One of the many downsides to the NHL’s goal-scoring decline over the past two decades has been the impact it has had on individual numbers and milestones. For quite a while it looked like the 100-point scorer was becoming a thing of the past, if it was not already entirely extinct. Between 2010-11 and 2017-18 it was a mark that was hit just eight times, and two of those were from Connor McDavid. In only one of those years (2017-18) did the league have multiple 100-point scorers.
There are currently 11 players around the league on a pace to do it this season, including the Avalanche duo of Nathan MacKinnon and Mikko Rantanen. A pair of teammates hitting the 100-point mark in the same season would be a huge deal and put them in some pretty exclusive company as it has only been done six times over the past 25 seasons.
- Alex Ovechkin and Nicklas Backstrom for the Washington Capitals in 2009-10
- Evgeni Malkin and Sidney Crosby for the Pittsburgh Penguins in 2008-09
- Daniel Alfredsson and Dany Heatley for the Ottawa Senators in 2005-06
- Paul Kariya and Teemu Selanne for the Anaheim Ducks in 1998-99
- Joe Sakic and Peter Forsberg for the Colorado Avalanche in 1995-96
- Mario Lemieux, Jaromir Jagr and Ron Francis for the Pittsburgh Penguins in 1995-96
MacKinnon and Rantanen have both already topped 45 points this season.
Looking at that same 25-year time period only three other sets of teammates have had that many points through their team’s first 30 games: Alfredsson, Heatley and Jason Spezza for the 2005-06 Senators, Lemieux, Jagr, and Francis, for the 1995-96 Penguins, and Sakic and Forsberg for the 1995-96 Avalanche.
All of those sets of teammates went on to each top-100 points for the season.
(Spezza did not hit the 100-point mark for the Senators, only because of injury.
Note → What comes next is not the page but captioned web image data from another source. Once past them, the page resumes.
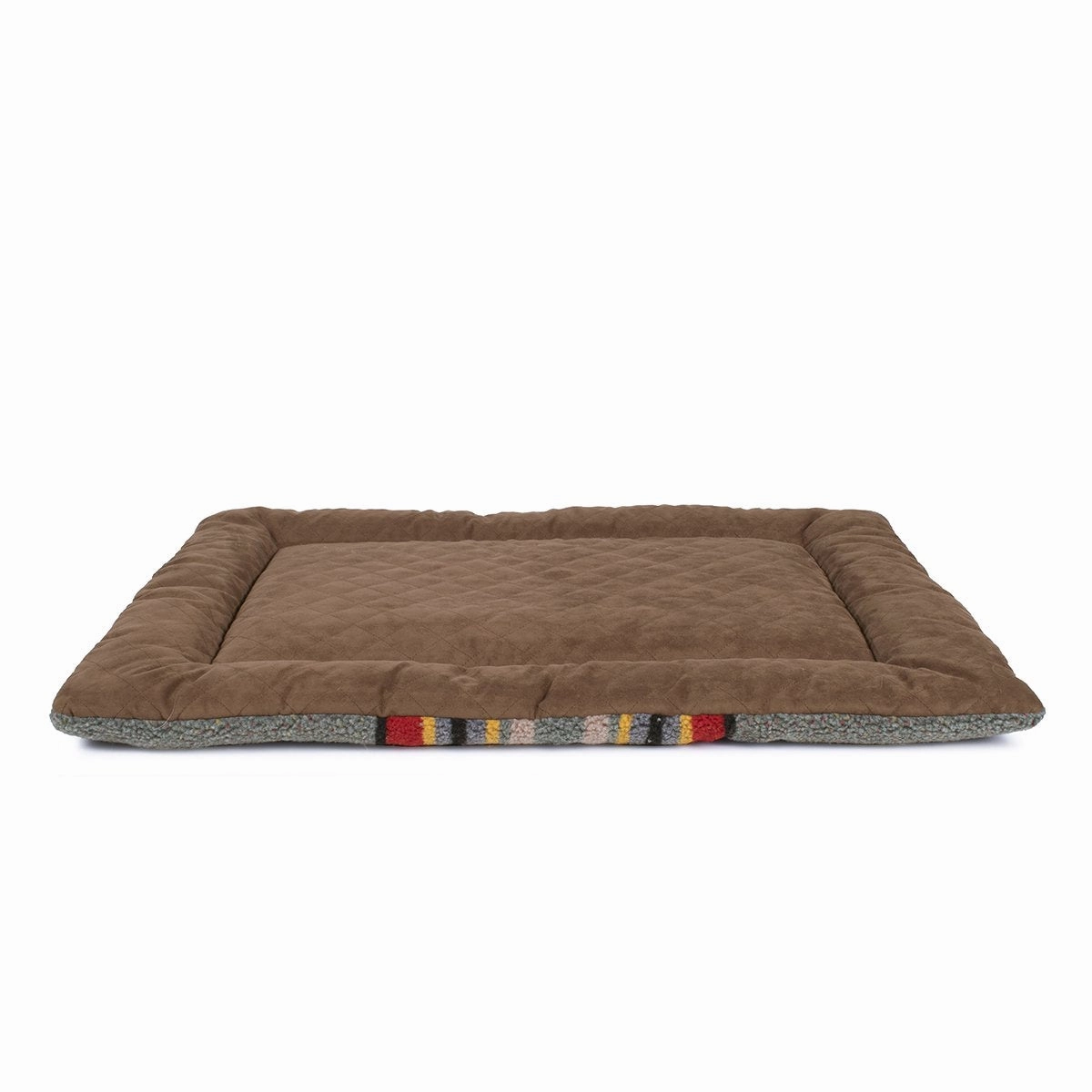 Pendleton Comfort Cushion Crate Mat Vintage Camp Heather Green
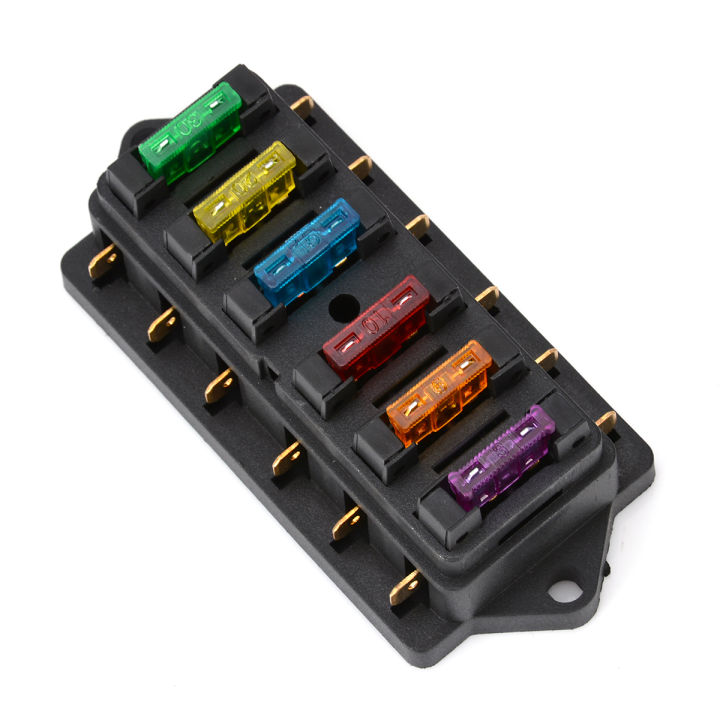 %E3%80%90GlobalTrendz%E3%80%91Car%206%20Way%20Circuit%20Standard%20ATO%20Blade%20Fuse%20Box%20DC%2012V/24V%20Block%20Holder%20with%206%20Fuses%203A%20/%205A%20/%2010A%20/%2015A%20/%2020A%20/%2030A%20-%20Image%203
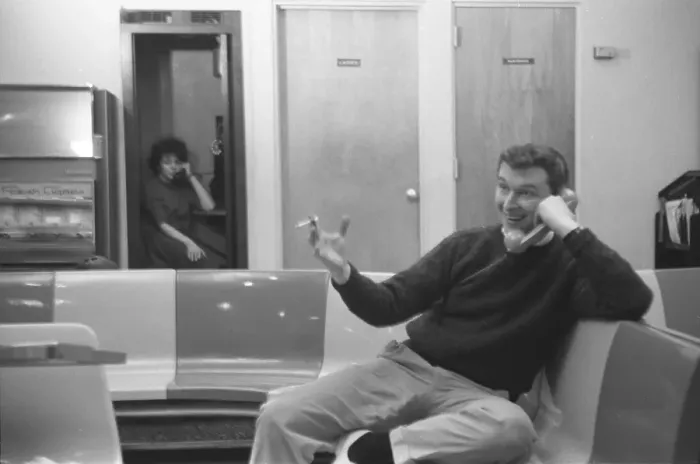 Framed Print : Mike Nichols And Elaine May Framed Print : Mike Nichols And Elaine May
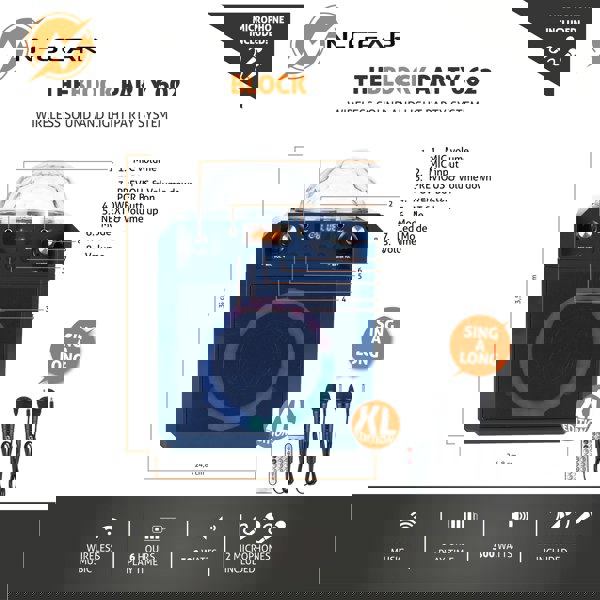 N-Gear | Block Party 602 Space Blue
He finished the season with 90 points in 68 games. He had not missed 14 games he almost certainly would have done so as well).
What stands out about the current Avalanche duo is that as of Monday they are both on pace for more than 120 points this season.
No one has hit that mark since Crosby did it during the 2006-07 season, and the only three times it’s happened in the salary cap era were the first two years coming out of the lockout when penalties, power plays, and goal-scoring briefly skyrocketed to near early-90s levels.
The last time a pair of teammates topped 120 in the same season was the Lemieux-Jagr duo in 1995-96. Before them? You have to go back to Lemieux and Kevin Stevens during the 1991-92 season, and then the Wayne Gretzky, Jari Kurri, and Paul Coffey trio for the Edmonton Oilers during the 1985-86 season. (Edit: We initially missed Pat Lafontaine and Alexander Mogilny for the 1992-93 Buffalo Sabres here. Add them in as well.)
Overall, it’s been done just nine times in league history.
Given how rare it is and how difficult it is to maintain that kind of a pace of an 82-game season — especially in today’s NHL, even with the recent uptick in scoring — it’s asking an awful lot to expect them to do it. The 100-point mark, though, seems far more attainable as they would both need to maintain just around a point-per-game pace the rest of the season. Seeing as how they have both been point-per-game players for nearly a year-and-a-half now, it is not that far-fetched to think they can pull it off.
It is not the only piece of history they are chasing this season.
Rantanen and MacKinnon are currently first and second in the NHL’s scoring race.
The past five times teammates finished in the top-two in scoring:
- Martin St. Louis and Steven Stamkos for the 2012-13 Tampa Bay Lightning lockout shortened season)
- Mario Lemieux and Jaromir Jagr for the 1995-96 Pittsburgh Penguins
- Mario Lemieux and Kevin Stevens for the 1991-92 Pittsburgh Penguins
- Wayne Gretzky and Jari Kurri for the 1986-87 Edmonton Oilers
- Wayne Gretzky and Jari Kurri for the 1984-85 Edmonton Oilers
The only other post-Original Six teammates to do it were Bobby Orr and Phil Esposito on a couple of different occasions for Boston Bruins in the 1970s.
This one seems a little more difficult if only due to the presence of McDavid and the season he is having for the Oilers. As long as he stays healthy you should probably bet on him to end up at the top of the scoring list, especially if new coach Ken Hitchcock is going to keep playing him 25 minutes per night.
Along with Gabriel Landeskog, Rantanen and MacKinnon give the Avalanche the NHL’s best line.
That trio has scored 45 percent of the team’s goals this season, while the Avalanche have outscored opponents by a 28-14 margin when all three are on the ice together during 5-on-5 play. They are the biggest reason the Avalanche are near the top of the NHL standings and on track to make the playoffs for a second year in a row.